Очевидно, по моему выражению философ понял, что сии пределы еще уже, чем это отображалось у меня на лице.
- Что ж, понимаю, - вздохнул он. - М-да, наша школа в этом отношении… Однако, non scholae, sed vitae discimus, а потому, если вы позволите, возьму на себя смелость несколько расширить в этой области ваш кругозор. Но прежде – все-таки еще один вопрос. Как вы полагаете, для чего существуют в мире тайны?
- Наверно, - после некоторых раздумий ответил я, - для того, чтобы мы их разгадывали…
- Вот! - воскликнул Брюс. - Именно такого ответа я и опасался! Все наш куцый гностицизм!

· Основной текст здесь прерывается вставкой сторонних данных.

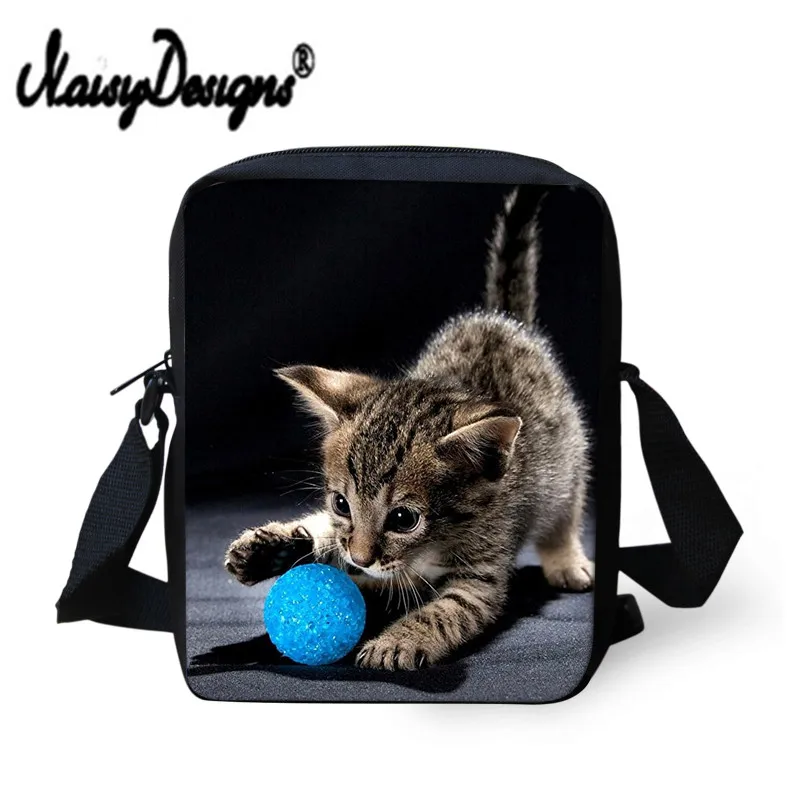Noisydesigns пользовательские 3D Cat Crossbody сумки для подростков Повседневная сумка клапаном небольшая сумка для мальчиков и девочек Сумка-почтальон мини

Нет, нет, вы ничуть не виноваты – это наша порочная система воспитания! К сложному явлению мы спешим привязать, наподобие бирочки, некий его смысл – и тем самым вроде бы что-то для себя объясняем. В чем смысл тайны? Говорим: в познании. В чем смысл движения? Говорим: в достижении цели. В чем смысл власти? В чем смысл жизни? Ну, и так далее… Глупые ярлыки, уничтожающие суть! Ибо смысл движения – в самом движении. Достигнешь цели – и самое движение уничтожишь. А смысл жизни, конечно же – в самой жизни, ни в чем ином! Лишь остановив, уничтожив ее, можно к ней прицепить какой-то ярлык и самонадеянно назвать его смыслом. Но жизнь-то – она живая, а ярлык – мертвечина, надгробье, коли хотите. А смысл власти – сама власть. Цель, навроде блага для подвластных, привешивают к ней, когда надобно с теми же подвластными объясняться, то есть когда полновесной власти, в сущности, уже нет… И вот после этого экскурса снова спрашиваю вас: в чем же смысл тайны?

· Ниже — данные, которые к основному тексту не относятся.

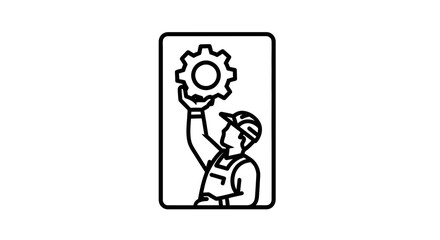 Fototapeta premium Worker holding a gear, symbolizing industry, engineering, and mechanical solutions.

- В таком случае, очевидно, в самой тайне, - не очень понимая, к чему он клонит, ответил я.
- Вот! - возликовал философ. - Вот! Именно к этому ответу я вас и подводил! Настоящая тайна существует ради самой тайны. Разгадка есть ее уничтожение, гибель! Истинные умы всегда это понимали. Мелкие загадки были оставлены как игрушки для суетных умов – пускай себе распутывают. А подлинные, глубокие тайны запрятывались глубоко, сохранялись внутри храмов от прикосновения дурака. Оттого их и называли внутрихрамовыми или, по-иному, эзотерическими. И при каждом древнем храме существовало нечто наподобие… ну, скажем, своеобразной академии для посвященных, для избранных. Подлинные, великие тайны жили только там. Где еще, к примеру, могла быть написана великая "Книга Еноха", подвигнутого на это и просветленного, если верить преданию, самим повелителем всех тайн земных и небесных архангелом Уриилом? Надеюсь, вы заглядывали в этот неиссякаемый кладезь мудрости, мой юный друг?
- Признаться, как-то… - застыдился я своего дремучего невежества.

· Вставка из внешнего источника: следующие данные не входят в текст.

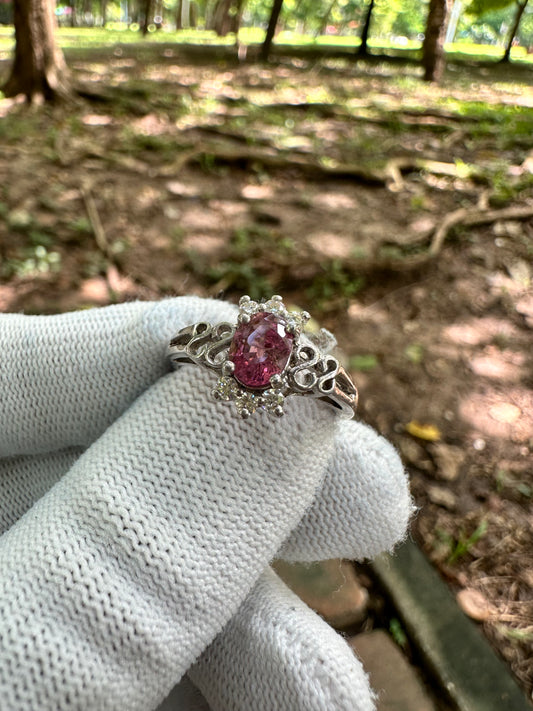 925 Silver Rhodium-Plated Ring with Reddish Pink Afghan Tourmaline and Moissanite Accent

- В таком случае я лишь завидую вам, ибо у вас все впереди, - ободрил меня философ. - Это, однако, так, отступление. Вернемся к нашему разговору. Так вот, чем в большей затхлости пребывала человеческая мысль в миру, тем более дерзновенной она становилась в этих…
- Центрах… - подсказал я.
- Ага, вижу, вы начинаете понимать! - обрадовался он. - В них – само будущее рода людского, ибо оно, это будущее, не могло бы реализоваться, если бы кто-то не смог в него заглянуть. Приведу пример: что бы осталось от нас всех, если бы мудрец Ной не обладал способностью к заглядке в будущее, не сумел бы предугадать известное вам бедствие и предпринять также известные меры?.. - Увы, - тяжко вздохнул после паузы философ, - со временем человечество мельчало, мельчали, посему, и тайны, его занимавшие; так полновесный золотой дукат разменивают на нищенские медяки. Какие-то зернышки еще оставались у тамплиеров, что-то кое-как сберегли алхимики. Масонам – тем уж вовсе остались крохи. Все стало вырождаться в мирскую суету, в заурядное фокусничество. Тут и мирская наука поспешала – не ведая, так сказать, о корешках, урывала себе какие-то вершки. Но что-то, что-то, хвала Господу, все-таки удается еще сохранить! Благо, есть еще на земле места, где не одним только сиюминутным знаниям отдается должное! И, несмотря на всю мизерабельность своего нынешнего положения, я, клянусь, при всех посланных мне испытаниях, благодарен судьбе за то, что она направила меня, недостойного, именно сюда!.. - Философ замолк, переводя дух, глаза его горели каким-то нутряным заревом.
Я обвел взором неприглядный, захламленный чердак и с сомнением спросил:
- То есть, вы хотите сказать, что именно здесь хранилище неких непостижимых тайн, без которых немыслимо существование?..
Брюс подтвердил:
- Вы зрите в самый что ни есть корень! Именно так: решительно, немыслимо!